Polypharmacy, or when a patient is prescribed multiple drugs, is common among elderly adults and people with multiple chronic conditions. However, many DDI studies consider only two potential drug candidates at a time; whereas in the real world, 20.8% of adults take at least 5 drugs. Finally, essential education about DDIs may not always be conveyed equally to healthcare providers, patients, and their families. Drug labels contain information regarding potential serious interactions and are important for patients to review prior to taking a new medication.
DDIs in the era of Precision Medicine: Greater risk for minorities?
Variations across population sub-groups in how drugs are processed complicate matters substantially. For example, Hawaiians do not metabolize the blood thinner clopidogrel at the same rate as whites do, which can lead to significant issues in efficacy for the primary intended outcome. Hispanics and African Americans also tend to metabolize drugs at different rates than whites do because of genetic polymorphisms in their CYPs. Thus, these populations may not receive the full therapeutic benefit of a drug because the dose they are given is not enough to be effective (i.e., they metabolize the drug more quickly than the population the drug was studied in), or the dose is too high and causes adverse side effects (i.e., they metabolize the drug more slowly than do those from the majority population group the drug was studied in, and the drug builds up in their body). Although differences like these in how people and groups within a population respond to certain drugs have been acknowledged, this heterogeneity may not be adequately recognized by care providers and scientists attempting to target disease treatment towards an individual’s personal genetic profile through personalized or “precision” medicine. DDIs that occur when pursuing more personalized medicine are a particular risk for racial and ethnic minorities, because these groups are often underrepresented in pharmaceutical testing to ensure drug safety.

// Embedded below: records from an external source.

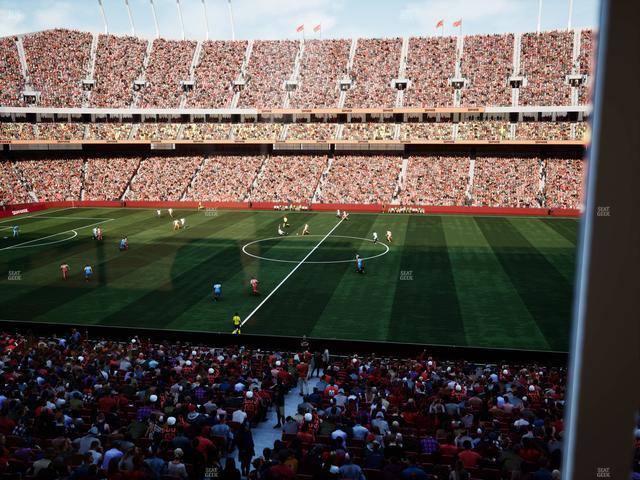 GEHA Field at Arrowhead Stadium - Section Broadcast Suite 5 Seat View GEHA Field at Arrowhead Stadium - Section Broadcast Suite 5 Seat View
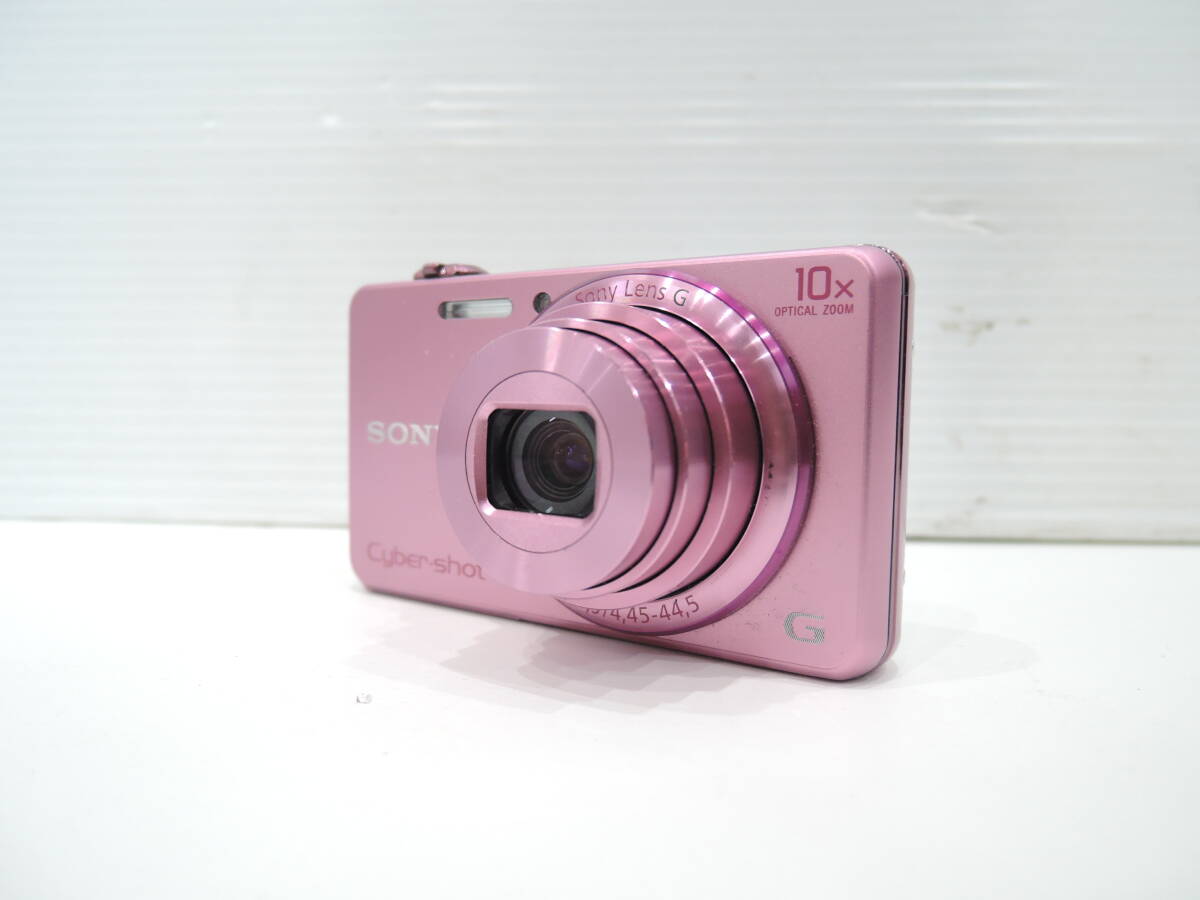 SONY ソニー デジタルカメラ DSC-WX200 起動確認済み A3602の画像3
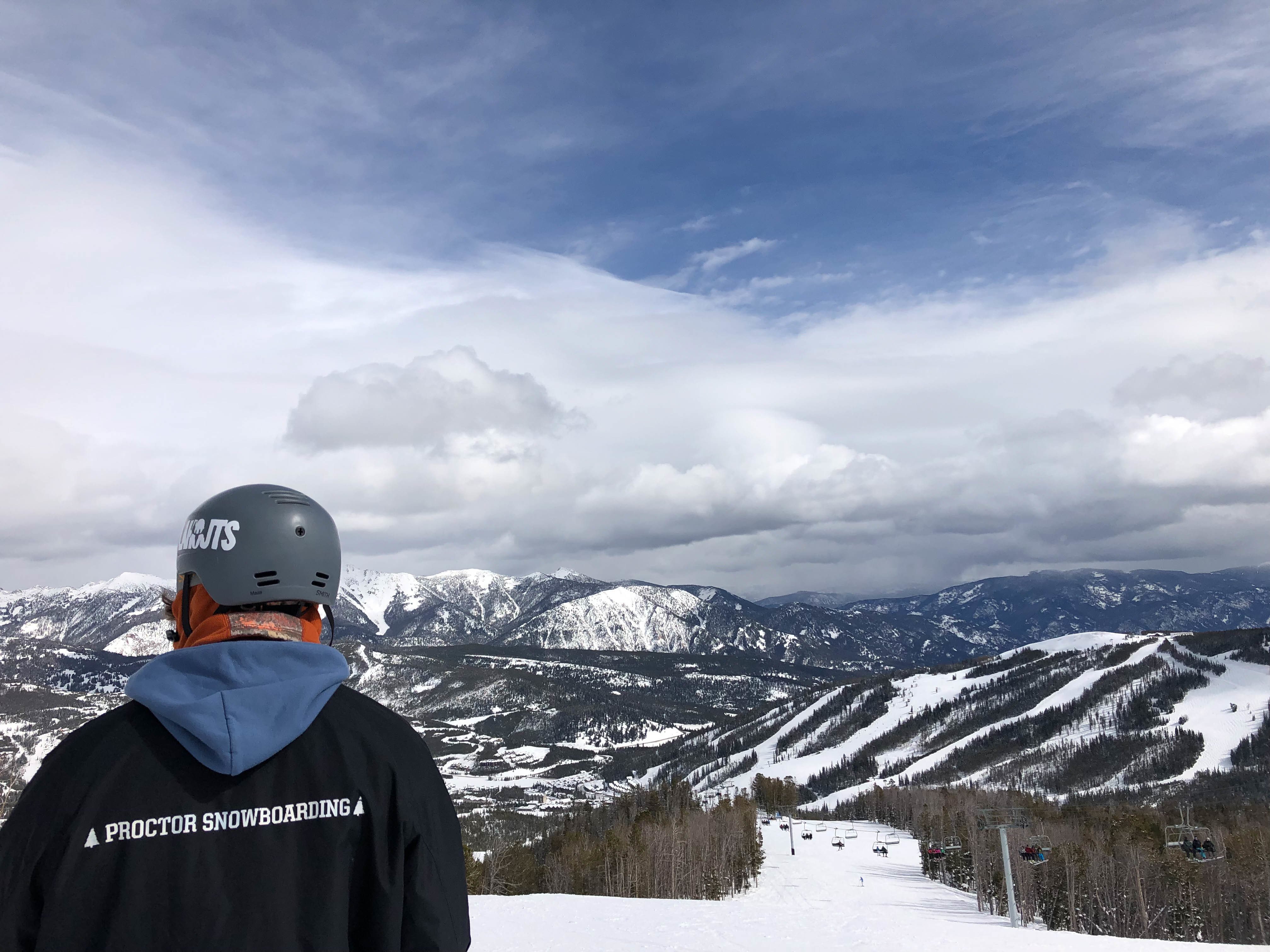 Snowboarding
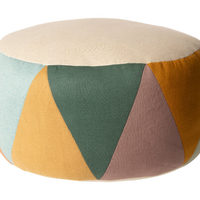 No tires el tacho de pintura vacío, armá este puff práctico para cuando tenés invitados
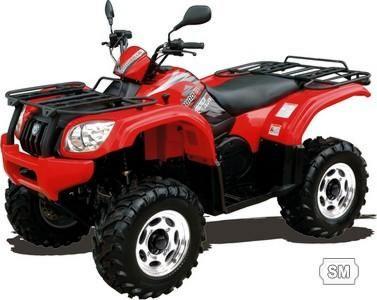 VENDO QUADZILLA 500e 4X4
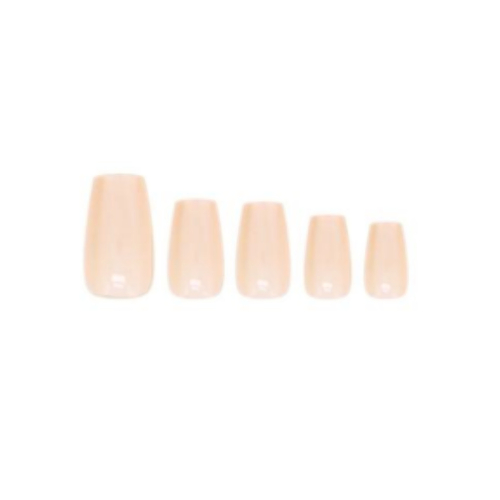 W7 - Unhas Postiças Glamorous Nails - Cashmere Coat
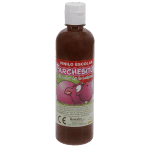 VINILO PARCHESITO ACRILICO 500 ML COLOR CAFE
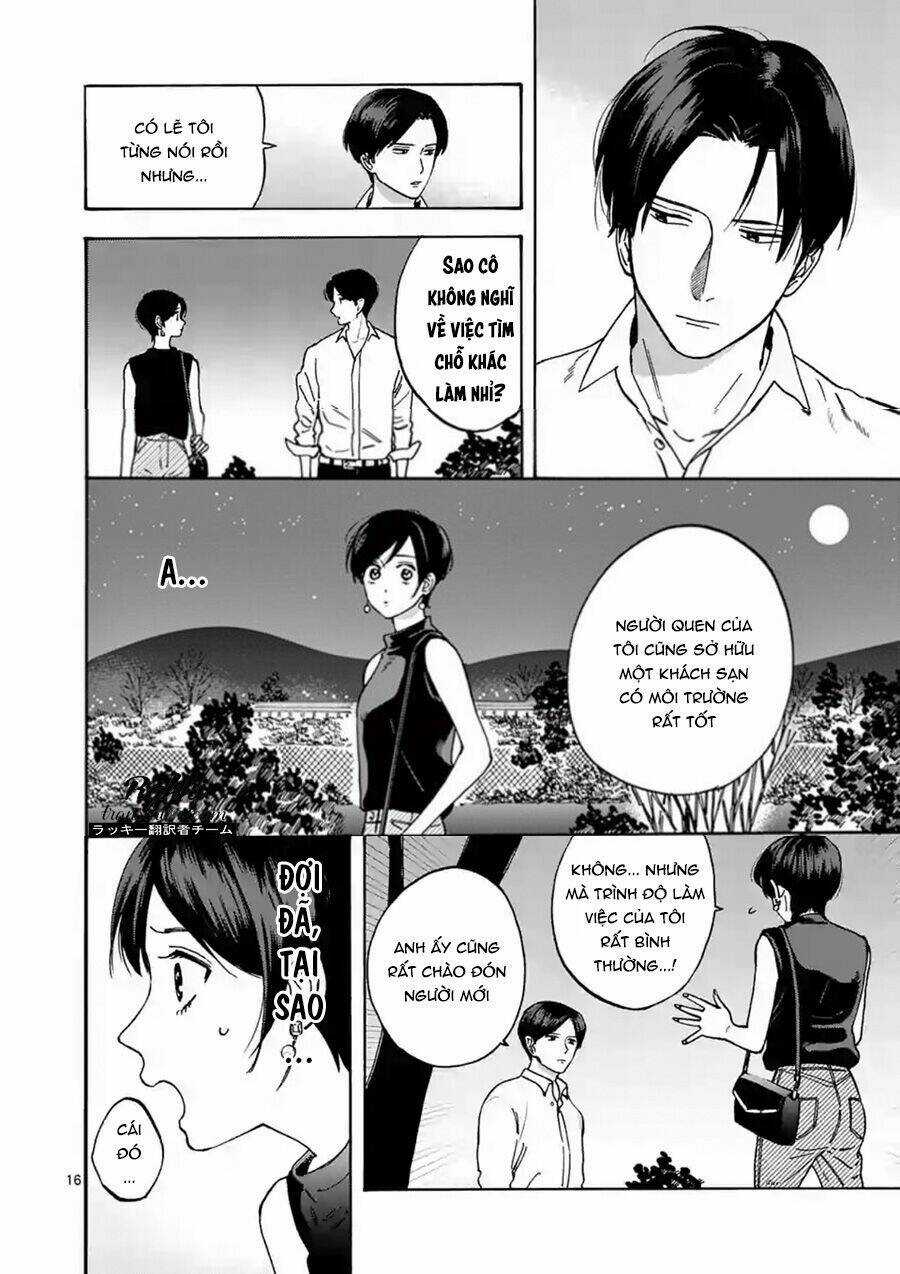 Lời Hứa Của Nàng Lọ Lem Chapter 32 trang 16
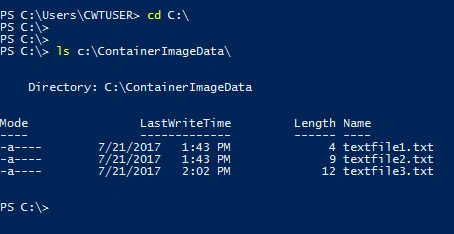 Windows PowerShell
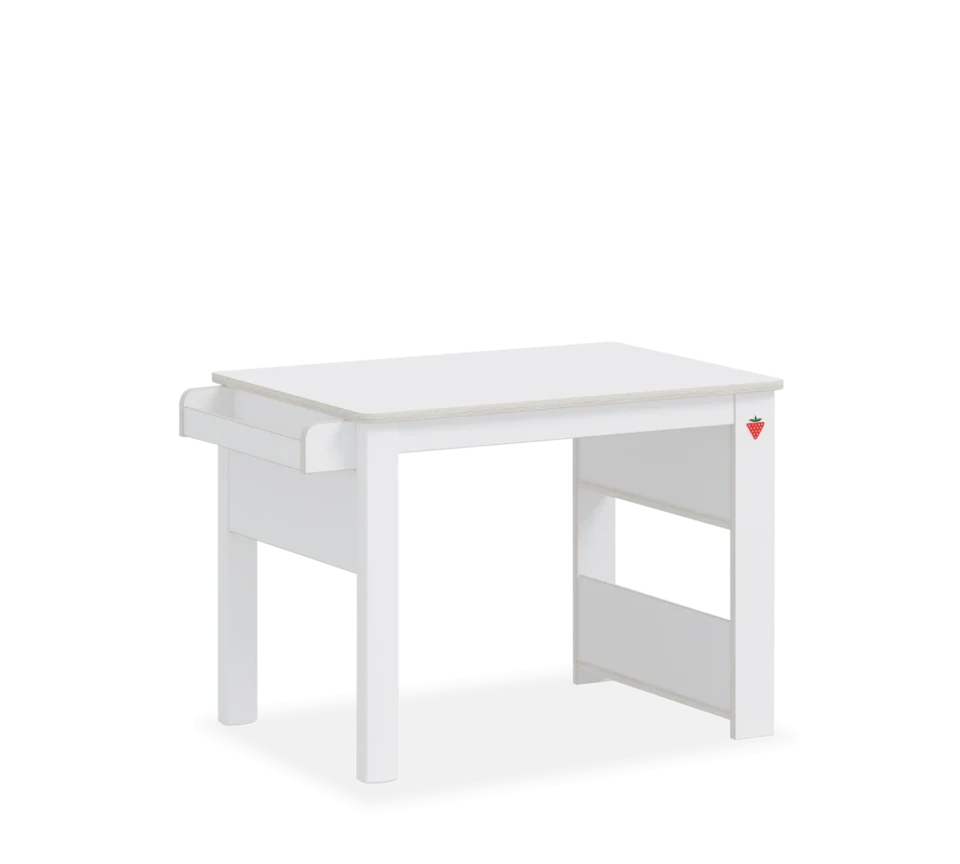 Pisači stol Montes bjeli, dimenzije 88,5 x 60 x 58,5 cm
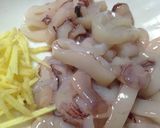 簡単♪イカの炊き込みご飯作り方1写真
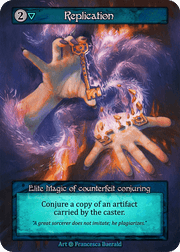 Alpha - Replication - Foil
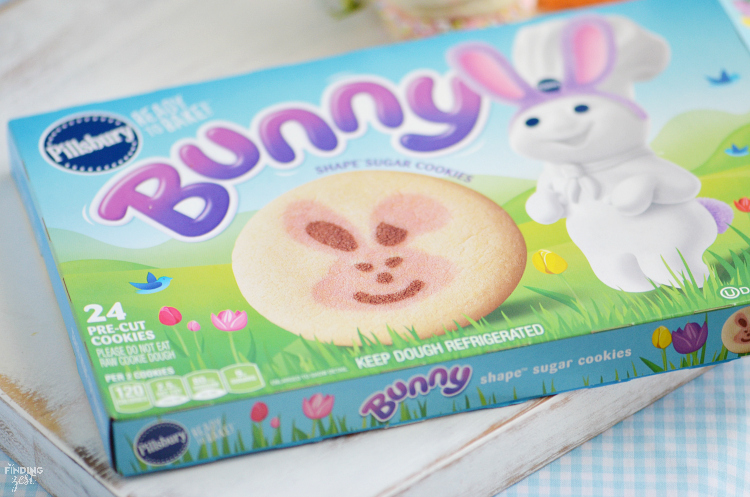 These Easter Bunny Cookie Sandwiches are so easy to make and feature a delicious cream cheese filling. Make this Easter treat in under 30 minutes!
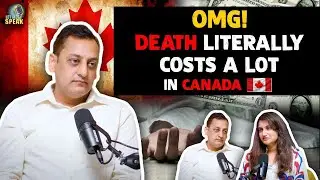Death Costs a Lot in Canada | Podcast with Jatin Kalia | Importance of Life Insurance | Canada 
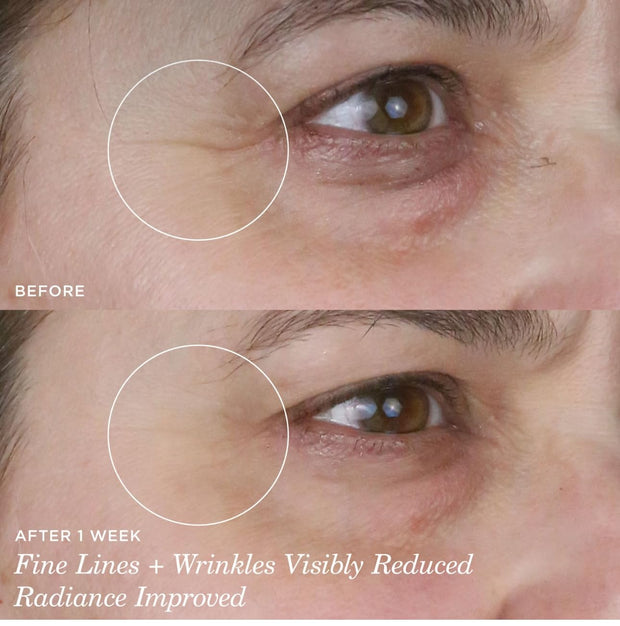 TATCHA The Silk Peony Melting Under Eye Cream | Hydration with Line-Smoothing Eye Cream for Wrinkles and Hydration | 15 ml / 0.5 oz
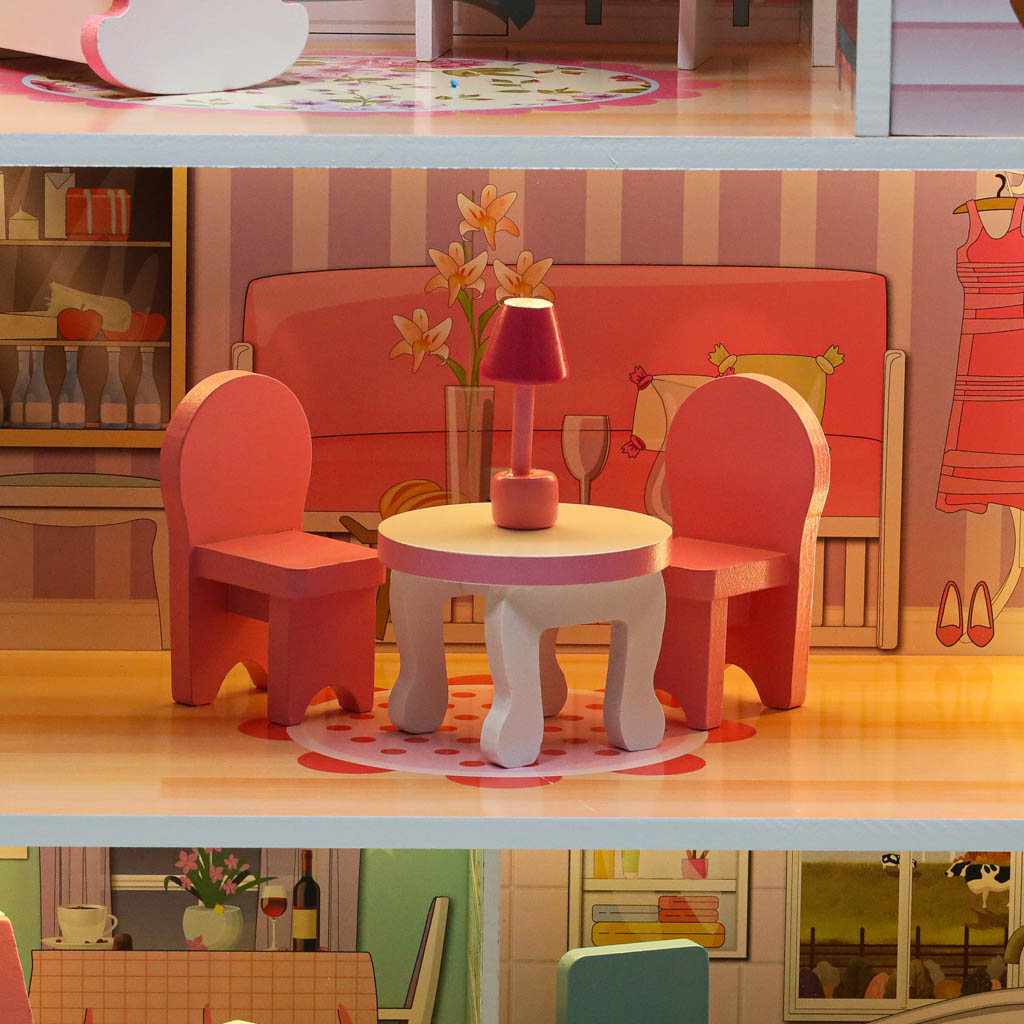 MDF-wooden-dollhouse-furniture-70cm-pink-LED-176481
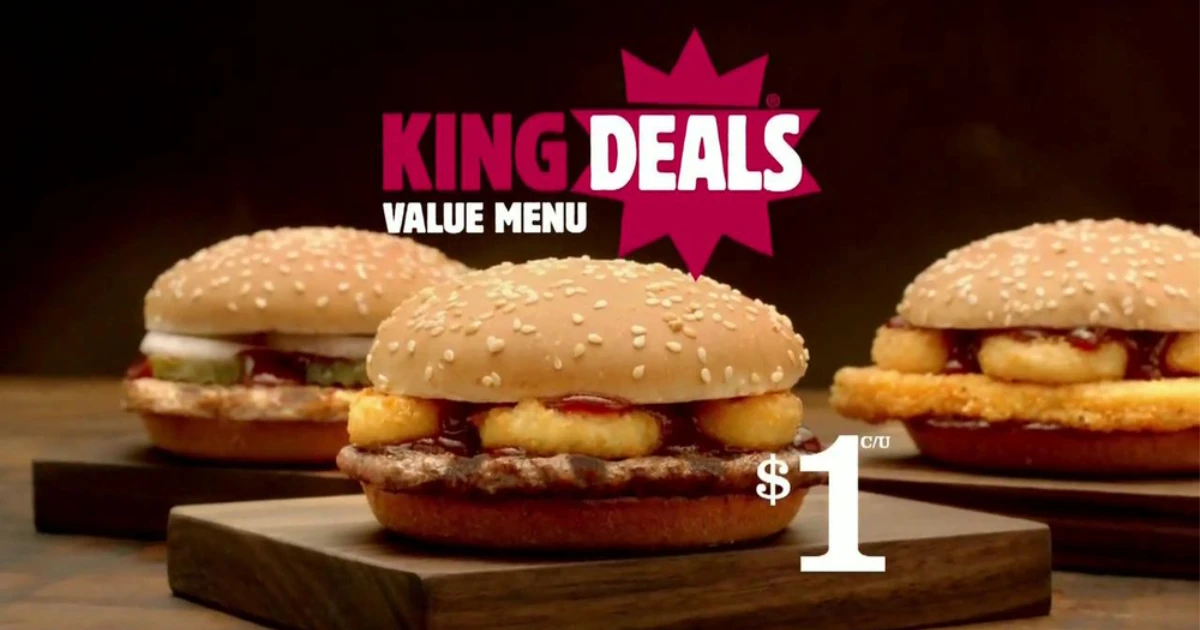 Burger King Rodeo Burger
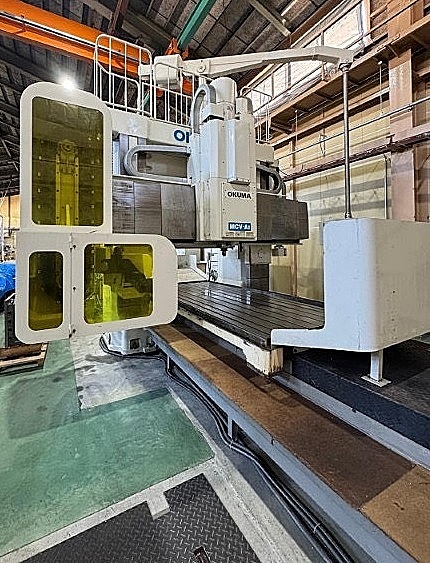 G005992 門型マシニングセンター オークマ MCV-16AⅡ_0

By increasing participation of racial and ethnic minorities in clinical trials for pharmaceuticals, more data can be gathered to understand whether and how the same drug is processed in the bodies of differing groups of people. However, it is difficult to include enough people of diverse backgrounds in clinical trials to distinguish significant differences in interactions between population sub-groups (e.g., Asians versus African Americans versus people of European ancestry). New big data science approaches could be powerful tools to better understand potentially deadly differences in how people process medications. With more data and information, more details can be included in drug information labels to help physicians and pharmacists prevent harmful DDIs.
Challenges to overcome to increase drug safety
A primary challenge to reducing the risk of DDIs is that physicians often lack all of the relevant information about a patient’s use of drugs and other substances, such as over-the-counter medications, supplements, and medications prescribed by other physicians, that could cause DDIs. Another challenge is to get patients to talk openly with their physicians about what herbs or supplements they use at home; herbs and other substances used for traditional medicinal purposes can potentially interact with pharmaceuticals. The largest challenge is to build awareness and resources to identify the potential effects of DDIs. More research is needed to determine the best practices for physicians to be aware of potential DDIs and to address them with their patients. Finally, most clinical trial research is insufficient because it relies on majority population trial participants, and current research studies do not approximate a polypharmacy reality. More research is needed that focuses on differences across social groups in the population, including racial and ethnic groups, in metabolism of drugs, the number of drugs being taken, and the dose being prescribed. We also need to know more about whether DDIs are recognized and considered in community clinics – not just large hospitals – to understand the impact of DDIs on racial and ethnic minorities and other social groups in the United States.